◆ **ACTIVITY**
Set the listing down again in full, word for word, with the pictures left out.

◆ **DATA PROVIDED**
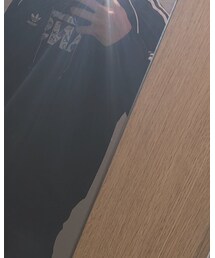 adidas | ジャケット/アウター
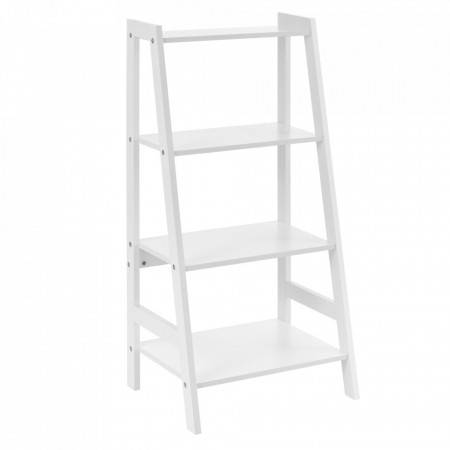 Raft tip scara cu 4 polite - P57498343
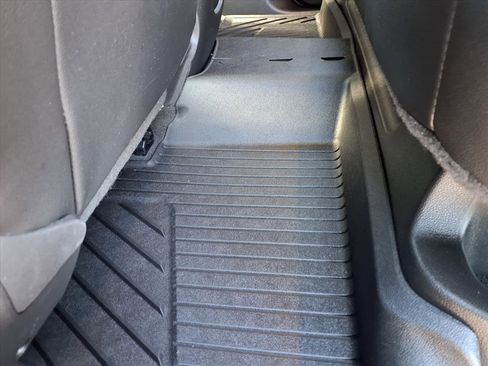 Certified 2020 Chevrolet Colorado ZR2 image 24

◆ **REPLY**
 adidas | ジャケット/アウター
 Raft tip scara cu 4 polite - P57498343
 Certified 2020 Chevrolet Colorado ZR2 image 24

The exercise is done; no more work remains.